Okay! We are making some beautiful progress here.

Now, some choices need to be made:

  • I don’t necessarily need to analyze everything that GoPlus returns.
  • For that, I had to study each of the parameters it returns and decide what, in my view, were non-negotiable security precepts.

‘is_open_source’, for example, will return 1 if the contract is open_source. Not being open_source can be very dangerous, so that’s non-negotiable. ‘sell_tax’ and ‘buy_tax’ are important as well. Some scammers insert a huge amount of sell_tax in their contracts so users can buy them, but it will be severly penalized if they try to sell it, with a huge sell_tax. It’s not uncommon, for example, to see 99% sell_tax in a lot of tokens. A clear scam. These are important as well. Based on the market, I saw that good limits for sell_tax and buy_tax had a limit of 2%, so we will consider this as our threshold. slippage_modifiable is also important, because it says if a contract owner can change buy and sell tax. So even if buy and sell tax are not high, the owner can later change them, harming users.

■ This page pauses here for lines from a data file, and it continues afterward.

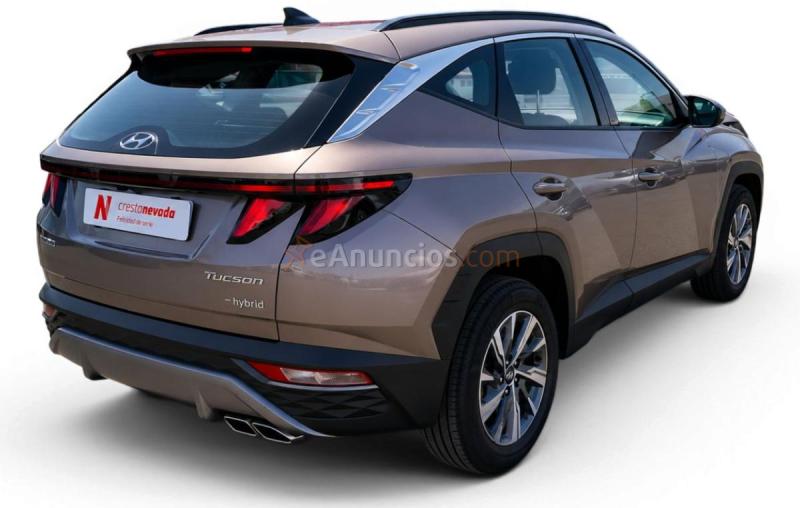 Hyundai Tucson 1.6 TGDI 169kW 230CV HEV Maxx Sky Auto 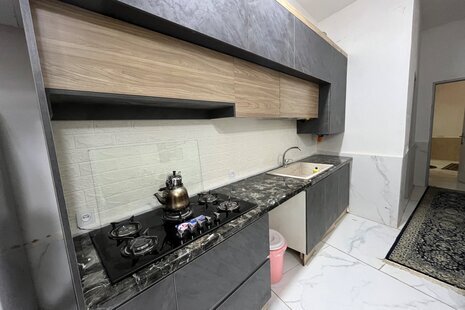 ویلا استخردار دوخواب مبله در کردان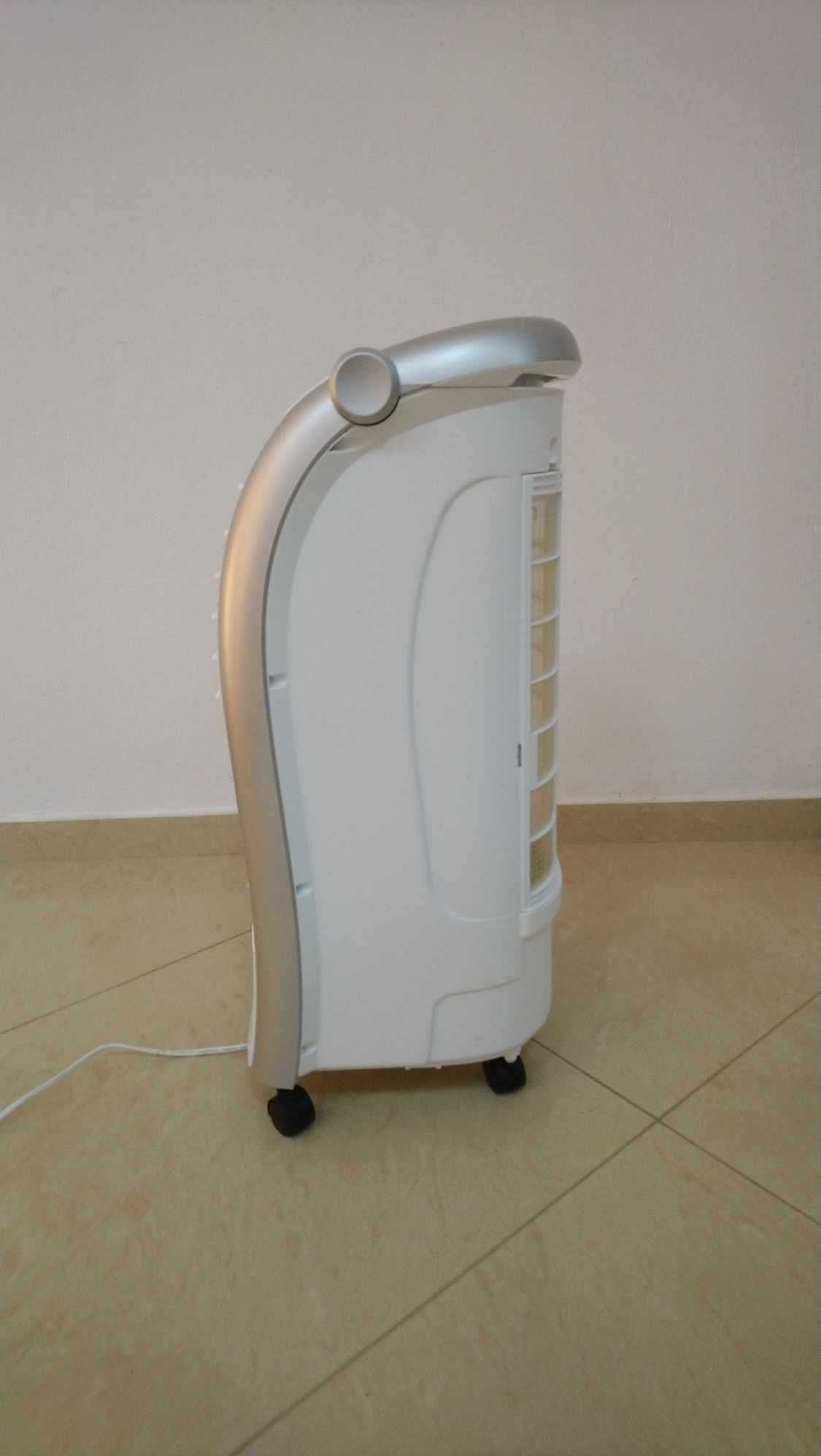 Охладител за въздух Klarstein Maxfresh WH Fan Air Cooler 6L 4 в 1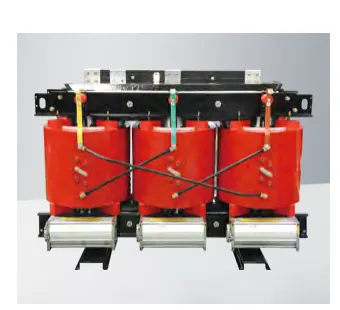 SC(B) Series Dry-Type Transformer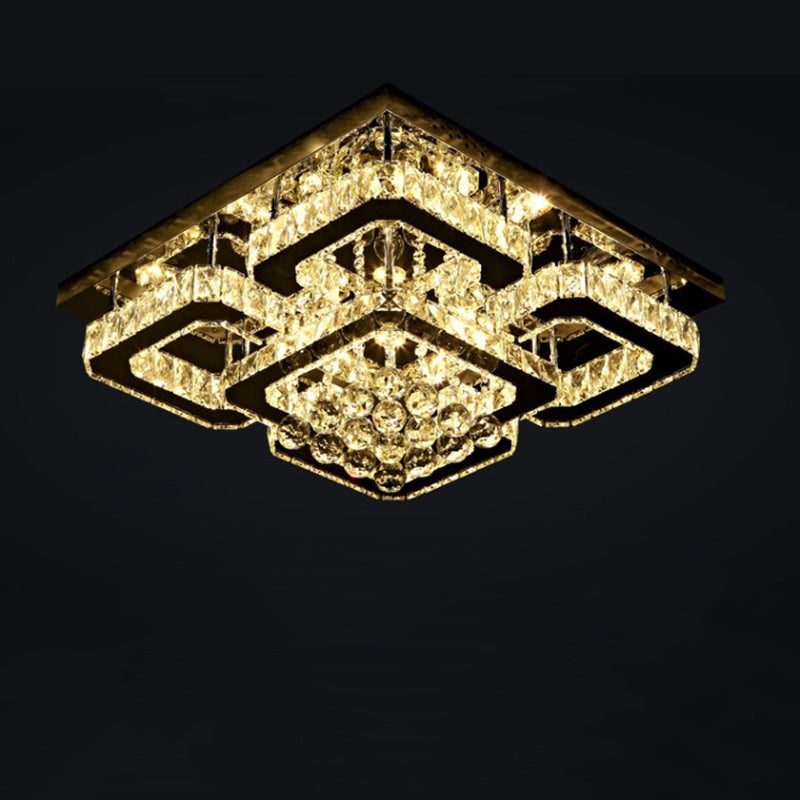 Smart Modern – APP Controlled Chandelier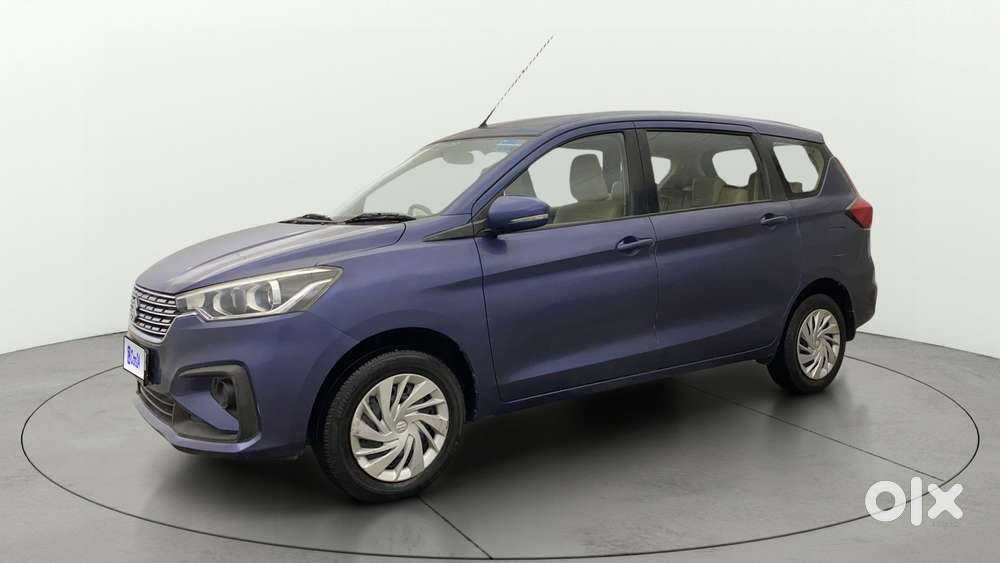 Maruti Suzuki Ertiga 1.5 Vxi Shvs, 2019, Petrol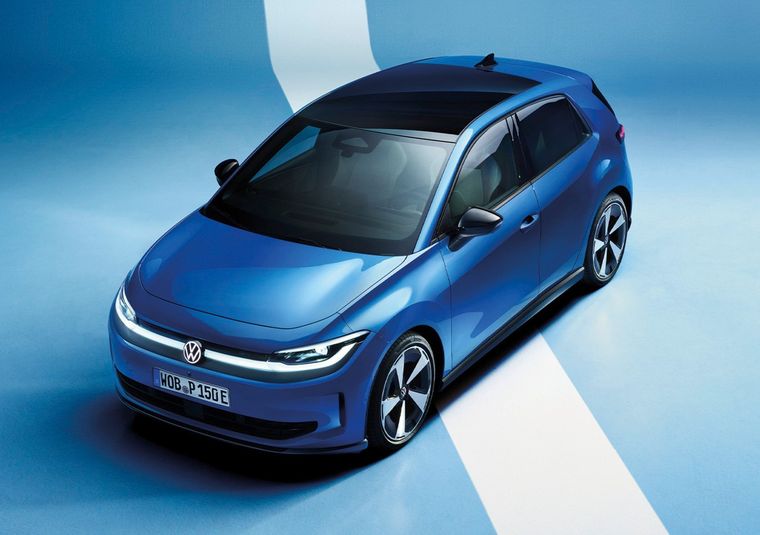 Nuevo Volkswagen ID. Polo&nbsp;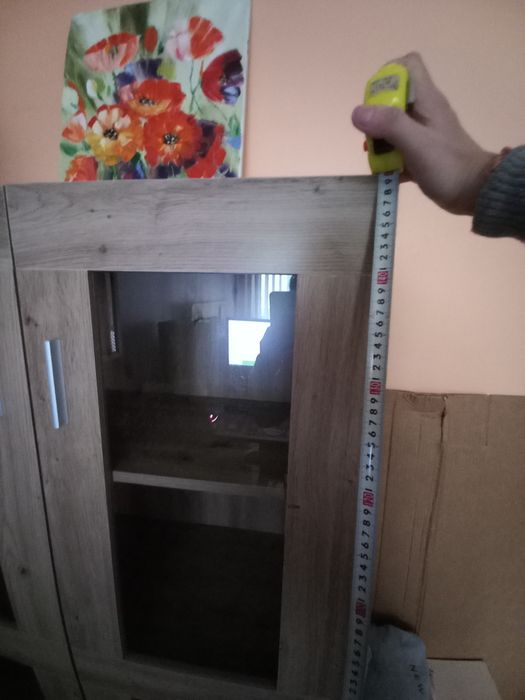 Холна секция, скрин, витрина, гардероб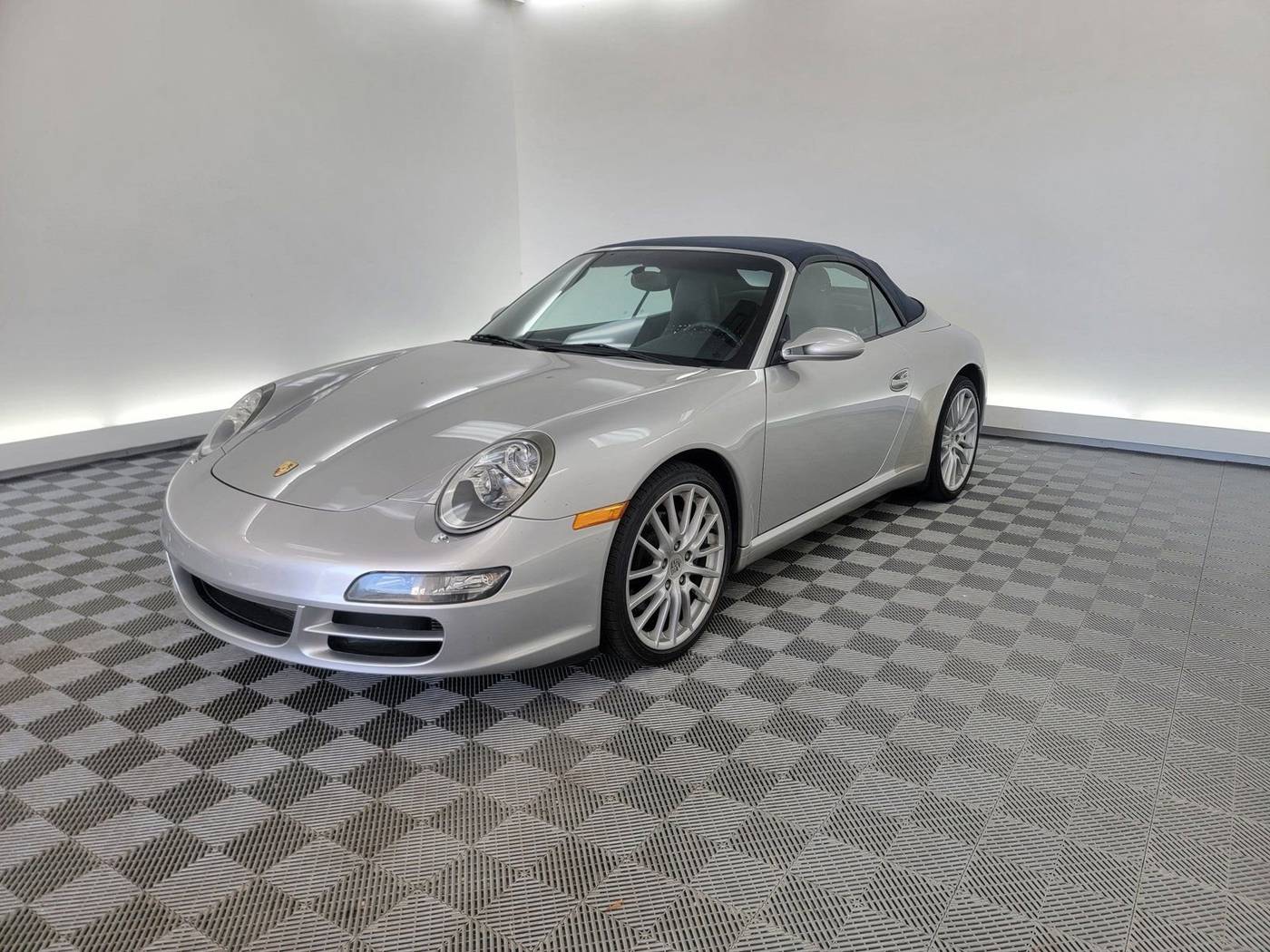 2006 Porsche 911 Carrera — Convertible — 68,970 mi — Hardeeville, SC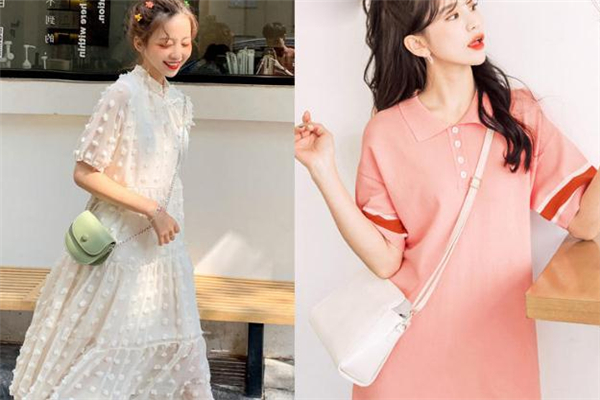 夏天逛街穿什么好看 時(shí)髦顯瘦還顯高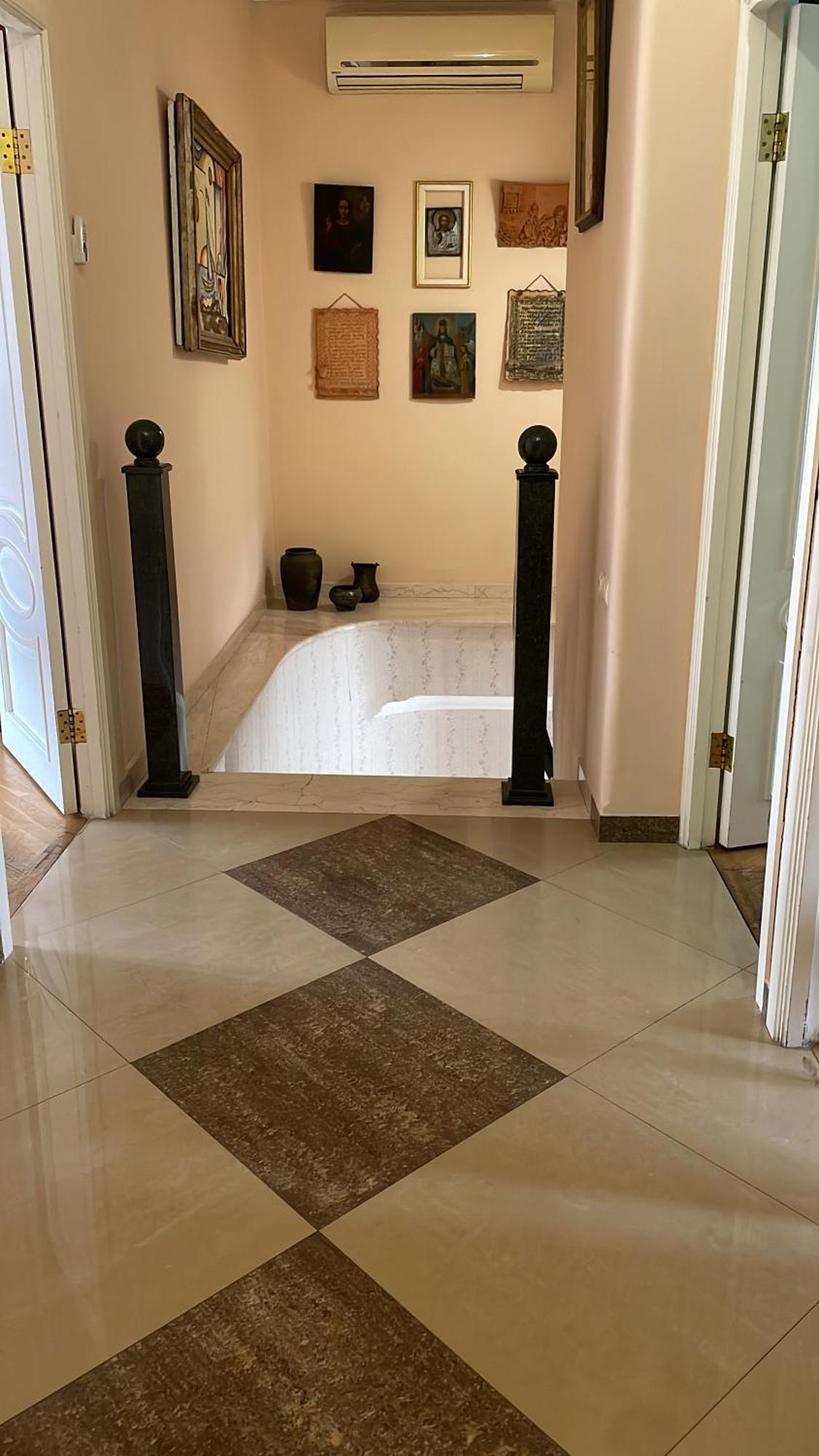 Bright And Modern 4Br Apartment - Center Of 耶烈万 外观 照片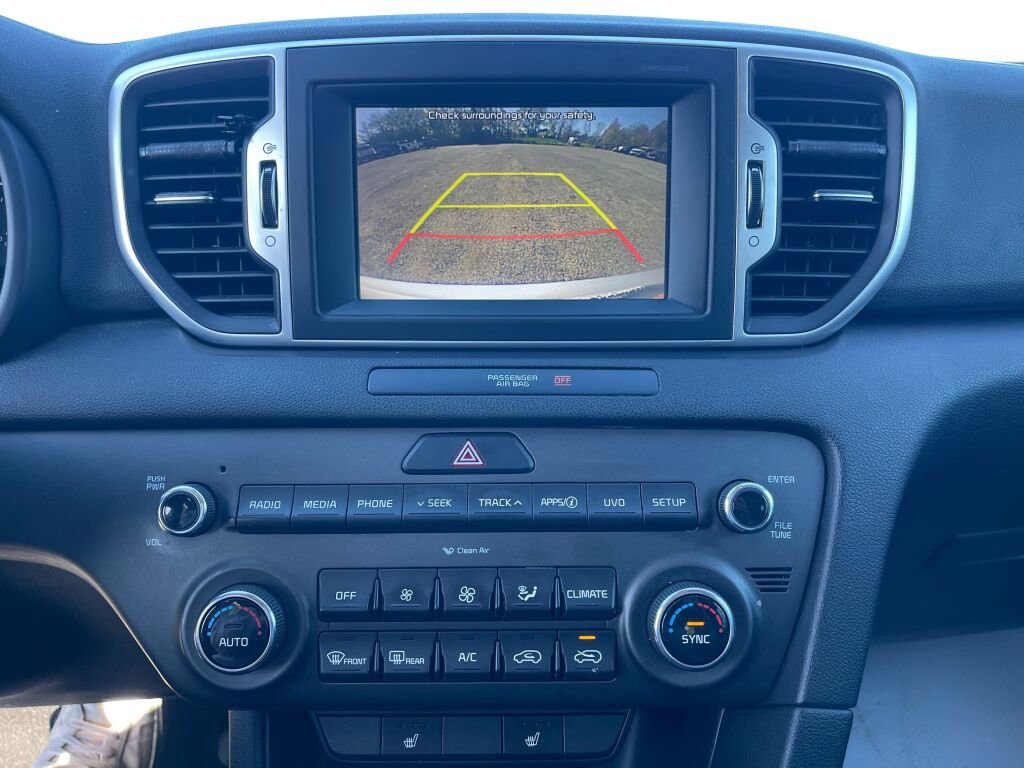 Used 2019 Kia Sportage LX w/ LX Popular Package image 12
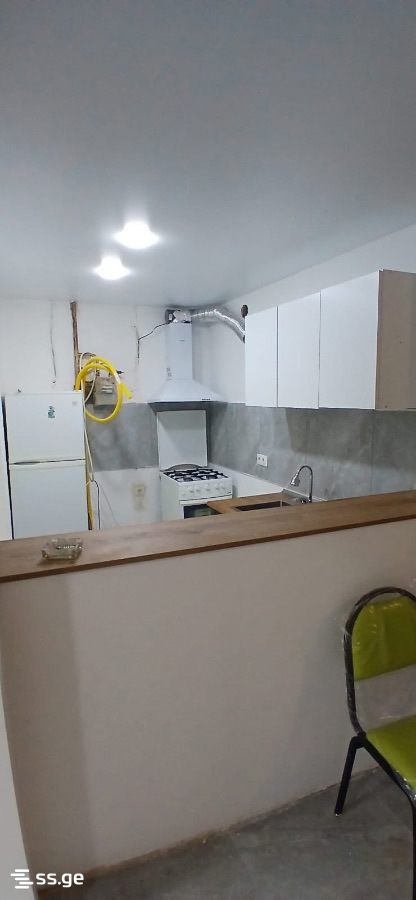 Block VI - Vazha-Pshavela 3 - 2 rooms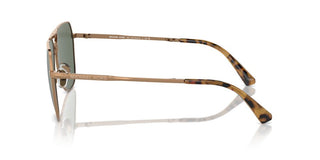 Michael Kors KESWICK MK 1156 men Gold Pilot Sunglasses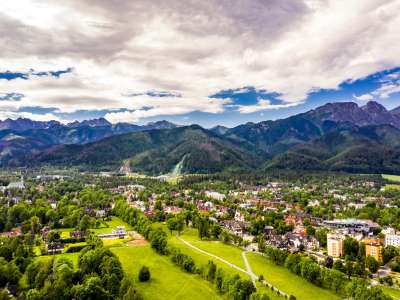 Obraz przedstawiający: Zakopane na 5 miejscu w rankingu zamożności polskich samorządów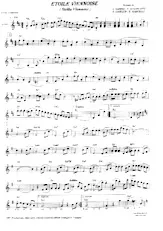 scarica la spartito per fisarmonica Etoile Viennoise (Stella Viennese) (Valse Viennoise) in formato PDF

Based on everything I studied on GoPlus documentation and in the market, I decided that I would take 16 parameters into account. Again, they are not the same: some are non-negotiable, like is_proxy or is_opensource. Others are okay if GoPlus don’t find them, returning NaN or “”.

Putting it more clearly: some parameters will not be returned sometimes, because GoPlus was not able to identify them. Some of them, for us, are non-negotiable, so it they are not returned, we will tag that token as not secure. Others, however, are potentially less harmful, so if GoPlus don’t find them, that’s a risk we can take (‘cannot_sell_all’ is an example).

We don’t want our security check to be like this, right?

via GIPHY

Great! We have defined our parameters for security. The next step is to put all the parameters together and apply a logic that, if the token passes in all parameters, the token is secure, so we will tag it as “can_buy = True”. If any of the parameters fail, the token is risky (remember, in my own judgment, some people may thing that 5% sell_tax is fine), so we will tag it as “can_buy = False”.

Here is part of the code:

Perfect!

Now what we can do is to run both BlockSync and GoPlus together. Remember:
1) We will use BlockSync to get pair listings and getting their information, like pair address, token address, timestamp and so on.

2) Then, we will use that information in GoPlus to run a security analysis for each token.

We can do that by running 2 functions together and then, we store the results in MongoDB. Do you want to see some numbers? I got some numbers for you:

89,039.

This is the total number of ERC-20 tokens we got using BlockSync and run the analysis on GoPlus. In securityInfo we have all those fields we got from GoPlus. Then, we got 16 of those fields to tag each token as can_buy True or False.

Now, let’s see, among all those tokens analyzed, how many of them are secure, based in GoPlus standards and our own judgment as well:

Out of 89,039, only 18,069 are considered secure for buyers. That means 20.29%. I gave them the name “viable_tokens”.

Not a bad ratio, I would say, but for sure it’s a point that reinforces that a lot of tokens out there are scams. I like some visualizations, so let’s use Matplotlib to plot a chart demonstrating this difference:

Awesome! We discovered that only 1 out of every 5 ERC-20 tokens launched is secure for holders. What else can we discover?

What can Blockchain tell us?

Our next step is to analyze viable_tokens and try to answer questions such as:

  • What is the average number of holders?
  • How much ETH is pooled in these tokens?
  • What is the wallet profile of the top 10 holders?

Again, we need to make some decisions. The first one is: we need to define a timeframe for analysis. Due to API limits and also to obtain quicker results, I decided that I would analyze only the first hour of each pair, starting from the time it was created.

Great, time to move on!

We have almost 20k tokens remaining for our analysis. Now, the important question is: Which metrics will we get and how can we get those metrics?

One of the best ways to do that is to simply query all the transactions of a given token in a given timeframe. From the transactions, we can get thousands of different metrics, we just need to know how to interpret them and what to do with all that data.

And now, another important point: How can we get that type of information?

We have famous platforms, like Infura, Alchemy, and Etherscan. I’ve used all those for different purposes, but for this research, I’ve used Bitquery to get historical data regarding the pairs.

Using Bitquery GraphQL APIs we can build a pipeline to get the data we need.

Due to privacy reasons, I will not open the whole code here, but here you can have an idea on what it looks like:

Each iteration will get information from some place, insert it into the pipeline and use the results to get and calculate new metrics.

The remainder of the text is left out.